> _To do_
Your task is to transcribe the entries below exactly, beginning with the line containing "Northeast Miami Apartment" and ending with the final line, and to add nothing else.

> _Information_

# # # # #

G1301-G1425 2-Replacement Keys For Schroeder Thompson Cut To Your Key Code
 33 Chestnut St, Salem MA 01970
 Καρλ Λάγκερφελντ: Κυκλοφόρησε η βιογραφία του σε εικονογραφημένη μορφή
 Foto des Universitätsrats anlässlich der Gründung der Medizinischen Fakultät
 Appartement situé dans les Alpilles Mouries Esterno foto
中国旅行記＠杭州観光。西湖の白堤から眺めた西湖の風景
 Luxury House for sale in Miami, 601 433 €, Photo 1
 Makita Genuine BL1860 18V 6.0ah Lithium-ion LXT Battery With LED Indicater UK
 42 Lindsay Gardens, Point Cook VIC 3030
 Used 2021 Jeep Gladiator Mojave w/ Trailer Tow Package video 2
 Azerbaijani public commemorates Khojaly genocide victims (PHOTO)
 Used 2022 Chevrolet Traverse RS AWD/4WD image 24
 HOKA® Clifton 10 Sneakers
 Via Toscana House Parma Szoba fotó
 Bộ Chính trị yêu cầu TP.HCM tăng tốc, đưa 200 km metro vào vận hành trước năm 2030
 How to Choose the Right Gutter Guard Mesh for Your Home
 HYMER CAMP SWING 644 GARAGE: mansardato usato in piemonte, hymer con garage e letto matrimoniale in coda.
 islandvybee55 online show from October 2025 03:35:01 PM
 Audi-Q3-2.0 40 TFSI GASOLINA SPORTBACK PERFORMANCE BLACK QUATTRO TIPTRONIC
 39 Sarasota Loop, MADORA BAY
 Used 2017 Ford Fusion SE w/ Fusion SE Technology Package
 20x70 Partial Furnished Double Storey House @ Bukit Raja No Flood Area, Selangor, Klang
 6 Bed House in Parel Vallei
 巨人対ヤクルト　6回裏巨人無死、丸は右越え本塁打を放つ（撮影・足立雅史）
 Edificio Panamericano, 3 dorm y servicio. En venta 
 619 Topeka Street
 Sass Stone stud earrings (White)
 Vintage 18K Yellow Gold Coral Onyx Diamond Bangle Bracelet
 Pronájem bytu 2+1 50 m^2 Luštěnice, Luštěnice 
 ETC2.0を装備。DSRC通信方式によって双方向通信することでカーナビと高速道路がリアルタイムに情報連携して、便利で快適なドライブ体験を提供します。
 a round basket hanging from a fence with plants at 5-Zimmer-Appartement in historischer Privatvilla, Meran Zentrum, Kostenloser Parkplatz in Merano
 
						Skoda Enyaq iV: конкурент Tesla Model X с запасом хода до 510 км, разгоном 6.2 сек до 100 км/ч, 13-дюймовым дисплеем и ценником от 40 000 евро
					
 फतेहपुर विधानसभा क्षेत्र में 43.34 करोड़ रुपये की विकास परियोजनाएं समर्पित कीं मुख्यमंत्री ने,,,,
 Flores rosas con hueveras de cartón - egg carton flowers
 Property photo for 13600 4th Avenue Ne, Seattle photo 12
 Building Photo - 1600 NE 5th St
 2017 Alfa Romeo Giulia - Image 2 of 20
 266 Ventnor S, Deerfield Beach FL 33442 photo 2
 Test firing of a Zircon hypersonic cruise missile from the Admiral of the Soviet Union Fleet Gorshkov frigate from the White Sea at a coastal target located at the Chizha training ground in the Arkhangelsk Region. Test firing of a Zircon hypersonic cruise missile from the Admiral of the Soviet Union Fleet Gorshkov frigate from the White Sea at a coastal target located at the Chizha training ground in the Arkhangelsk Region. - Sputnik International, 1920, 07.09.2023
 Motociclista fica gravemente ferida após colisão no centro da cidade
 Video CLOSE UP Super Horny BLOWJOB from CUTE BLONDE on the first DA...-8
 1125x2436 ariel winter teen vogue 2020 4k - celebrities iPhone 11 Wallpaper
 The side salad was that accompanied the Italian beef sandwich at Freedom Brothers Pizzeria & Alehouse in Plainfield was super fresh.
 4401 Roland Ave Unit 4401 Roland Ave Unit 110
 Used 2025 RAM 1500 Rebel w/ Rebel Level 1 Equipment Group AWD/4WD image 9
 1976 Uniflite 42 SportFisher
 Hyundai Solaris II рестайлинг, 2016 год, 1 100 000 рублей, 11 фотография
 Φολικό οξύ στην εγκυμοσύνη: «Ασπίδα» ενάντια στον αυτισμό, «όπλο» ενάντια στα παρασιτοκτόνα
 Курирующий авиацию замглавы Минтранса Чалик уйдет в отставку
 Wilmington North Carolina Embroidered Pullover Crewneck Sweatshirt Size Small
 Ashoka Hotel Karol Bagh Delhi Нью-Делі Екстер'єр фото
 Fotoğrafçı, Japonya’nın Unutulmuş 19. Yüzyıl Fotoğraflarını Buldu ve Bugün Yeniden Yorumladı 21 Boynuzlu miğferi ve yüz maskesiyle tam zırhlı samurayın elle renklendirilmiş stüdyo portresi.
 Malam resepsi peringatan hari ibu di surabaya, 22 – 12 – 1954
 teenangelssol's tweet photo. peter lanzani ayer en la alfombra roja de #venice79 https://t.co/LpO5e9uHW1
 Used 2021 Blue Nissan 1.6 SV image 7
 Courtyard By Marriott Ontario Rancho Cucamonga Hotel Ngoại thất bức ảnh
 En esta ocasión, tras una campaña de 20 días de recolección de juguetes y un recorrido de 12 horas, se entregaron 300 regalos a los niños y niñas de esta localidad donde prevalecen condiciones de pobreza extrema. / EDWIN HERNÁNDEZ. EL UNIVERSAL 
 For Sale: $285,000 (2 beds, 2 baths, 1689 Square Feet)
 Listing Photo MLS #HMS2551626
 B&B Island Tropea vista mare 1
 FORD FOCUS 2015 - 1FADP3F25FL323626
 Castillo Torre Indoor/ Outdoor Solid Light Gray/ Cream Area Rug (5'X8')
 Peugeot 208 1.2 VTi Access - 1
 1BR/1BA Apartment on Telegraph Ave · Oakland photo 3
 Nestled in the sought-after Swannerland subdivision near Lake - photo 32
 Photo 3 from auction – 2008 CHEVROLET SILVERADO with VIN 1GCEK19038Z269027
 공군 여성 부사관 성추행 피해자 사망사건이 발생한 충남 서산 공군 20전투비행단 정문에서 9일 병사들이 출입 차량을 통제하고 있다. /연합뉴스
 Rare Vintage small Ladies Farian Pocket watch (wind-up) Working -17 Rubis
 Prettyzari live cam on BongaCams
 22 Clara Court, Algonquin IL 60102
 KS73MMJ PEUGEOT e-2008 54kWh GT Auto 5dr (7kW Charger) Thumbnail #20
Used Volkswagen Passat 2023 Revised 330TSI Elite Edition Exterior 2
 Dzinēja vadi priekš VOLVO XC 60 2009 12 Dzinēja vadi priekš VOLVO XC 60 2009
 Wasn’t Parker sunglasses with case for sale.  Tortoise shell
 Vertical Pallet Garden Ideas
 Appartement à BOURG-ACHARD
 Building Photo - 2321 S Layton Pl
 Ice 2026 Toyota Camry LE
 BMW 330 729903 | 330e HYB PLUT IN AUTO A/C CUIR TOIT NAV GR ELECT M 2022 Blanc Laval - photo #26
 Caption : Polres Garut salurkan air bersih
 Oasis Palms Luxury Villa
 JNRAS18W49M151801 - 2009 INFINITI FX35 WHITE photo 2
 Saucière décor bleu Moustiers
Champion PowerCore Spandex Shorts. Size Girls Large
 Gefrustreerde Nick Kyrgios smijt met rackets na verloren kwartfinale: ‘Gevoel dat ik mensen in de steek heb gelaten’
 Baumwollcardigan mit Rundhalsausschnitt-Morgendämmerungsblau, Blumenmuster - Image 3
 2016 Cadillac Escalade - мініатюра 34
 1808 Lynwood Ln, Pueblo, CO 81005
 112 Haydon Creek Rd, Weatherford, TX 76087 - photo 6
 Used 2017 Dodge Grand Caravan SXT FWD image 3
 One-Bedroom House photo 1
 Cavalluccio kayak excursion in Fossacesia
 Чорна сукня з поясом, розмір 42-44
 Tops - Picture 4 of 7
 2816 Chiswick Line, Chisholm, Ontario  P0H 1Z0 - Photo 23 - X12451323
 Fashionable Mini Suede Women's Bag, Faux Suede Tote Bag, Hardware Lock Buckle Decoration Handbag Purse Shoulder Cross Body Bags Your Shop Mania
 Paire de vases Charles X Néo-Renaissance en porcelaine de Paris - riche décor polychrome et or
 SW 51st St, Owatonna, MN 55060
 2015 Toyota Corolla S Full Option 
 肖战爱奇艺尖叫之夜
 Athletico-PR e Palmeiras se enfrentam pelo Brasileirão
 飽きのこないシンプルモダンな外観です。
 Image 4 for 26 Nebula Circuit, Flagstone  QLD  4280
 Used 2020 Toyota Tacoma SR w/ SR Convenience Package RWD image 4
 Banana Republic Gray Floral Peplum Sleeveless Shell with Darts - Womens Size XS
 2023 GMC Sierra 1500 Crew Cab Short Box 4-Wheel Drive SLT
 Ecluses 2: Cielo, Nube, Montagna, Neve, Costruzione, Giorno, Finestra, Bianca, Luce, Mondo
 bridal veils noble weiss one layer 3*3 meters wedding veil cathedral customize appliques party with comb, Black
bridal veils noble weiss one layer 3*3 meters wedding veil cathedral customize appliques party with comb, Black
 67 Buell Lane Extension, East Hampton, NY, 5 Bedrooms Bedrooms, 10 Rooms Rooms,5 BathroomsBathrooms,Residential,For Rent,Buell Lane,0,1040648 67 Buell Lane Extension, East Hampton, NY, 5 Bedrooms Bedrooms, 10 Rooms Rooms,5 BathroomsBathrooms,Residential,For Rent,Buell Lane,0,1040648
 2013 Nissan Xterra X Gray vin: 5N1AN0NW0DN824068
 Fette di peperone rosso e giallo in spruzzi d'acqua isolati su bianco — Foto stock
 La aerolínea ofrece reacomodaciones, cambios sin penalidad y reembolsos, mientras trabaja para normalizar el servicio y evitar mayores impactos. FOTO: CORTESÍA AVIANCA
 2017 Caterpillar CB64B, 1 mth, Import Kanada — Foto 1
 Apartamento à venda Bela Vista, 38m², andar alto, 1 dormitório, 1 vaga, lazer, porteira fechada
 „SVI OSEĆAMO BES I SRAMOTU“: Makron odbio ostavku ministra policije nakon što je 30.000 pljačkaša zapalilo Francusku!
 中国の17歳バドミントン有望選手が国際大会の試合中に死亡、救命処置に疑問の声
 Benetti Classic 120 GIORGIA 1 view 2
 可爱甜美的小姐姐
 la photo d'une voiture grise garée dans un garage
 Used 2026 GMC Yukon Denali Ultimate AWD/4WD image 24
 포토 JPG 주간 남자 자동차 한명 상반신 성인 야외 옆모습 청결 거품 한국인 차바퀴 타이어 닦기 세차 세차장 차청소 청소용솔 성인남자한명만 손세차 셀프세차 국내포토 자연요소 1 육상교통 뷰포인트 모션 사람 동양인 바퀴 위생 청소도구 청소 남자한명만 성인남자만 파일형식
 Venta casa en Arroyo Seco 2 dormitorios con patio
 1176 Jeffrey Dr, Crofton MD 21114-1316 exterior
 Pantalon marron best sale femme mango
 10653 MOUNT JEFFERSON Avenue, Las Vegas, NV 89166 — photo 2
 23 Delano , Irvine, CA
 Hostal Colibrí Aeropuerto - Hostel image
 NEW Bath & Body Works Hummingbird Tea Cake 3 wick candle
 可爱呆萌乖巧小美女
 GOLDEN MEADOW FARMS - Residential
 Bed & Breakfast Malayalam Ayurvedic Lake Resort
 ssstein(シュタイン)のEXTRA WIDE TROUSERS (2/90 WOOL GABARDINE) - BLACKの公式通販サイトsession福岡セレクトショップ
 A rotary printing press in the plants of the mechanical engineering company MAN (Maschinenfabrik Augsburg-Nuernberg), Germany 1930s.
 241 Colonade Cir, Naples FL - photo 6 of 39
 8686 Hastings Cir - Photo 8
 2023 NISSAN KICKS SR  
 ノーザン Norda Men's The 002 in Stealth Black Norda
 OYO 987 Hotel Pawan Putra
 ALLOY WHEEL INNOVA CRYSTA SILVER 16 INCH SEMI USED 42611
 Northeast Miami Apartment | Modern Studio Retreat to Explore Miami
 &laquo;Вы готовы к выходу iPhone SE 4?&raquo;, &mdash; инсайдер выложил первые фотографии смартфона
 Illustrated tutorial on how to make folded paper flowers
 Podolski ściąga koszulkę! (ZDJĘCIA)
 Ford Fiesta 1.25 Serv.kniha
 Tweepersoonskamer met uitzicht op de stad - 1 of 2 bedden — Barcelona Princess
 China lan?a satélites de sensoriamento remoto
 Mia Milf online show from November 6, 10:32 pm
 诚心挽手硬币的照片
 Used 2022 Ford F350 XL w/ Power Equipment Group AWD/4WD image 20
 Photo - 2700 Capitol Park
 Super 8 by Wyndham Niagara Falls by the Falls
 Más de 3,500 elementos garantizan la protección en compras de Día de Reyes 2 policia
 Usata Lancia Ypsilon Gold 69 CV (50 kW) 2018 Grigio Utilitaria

# # # # #

> _Answer to this task_
 Northeast Miami Apartment | Modern Studio Retreat to Explore Miami
 &laquo;Вы готовы к выходу iPhone SE 4?&raquo;, &mdash; инсайдер выложил первые фотографии смартфона
 Illustrated tutorial on how to make folded paper flowers
 Podolski ściąga koszulkę! (ZDJĘCIA)
 Ford Fiesta 1.25 Serv.kniha
 Tweepersoonskamer met uitzicht op de stad - 1 of 2 bedden — Barcelona Princess
 China lan?a satélites de sensoriamento remoto
 Mia Milf online show from November 6, 10:32 pm
 诚心挽手硬币的照片
 Used 2022 Ford F350 XL w/ Power Equipment Group AWD/4WD image 20
 Photo - 2700 Capitol Park
 Super 8 by Wyndham Niagara Falls by the Falls
 Más de 3,500 elementos garantizan la protección en compras de Día de Reyes 2 policia
 Usata Lancia Ypsilon Gold 69 CV (50 kW) 2018 Grigio Utilitaria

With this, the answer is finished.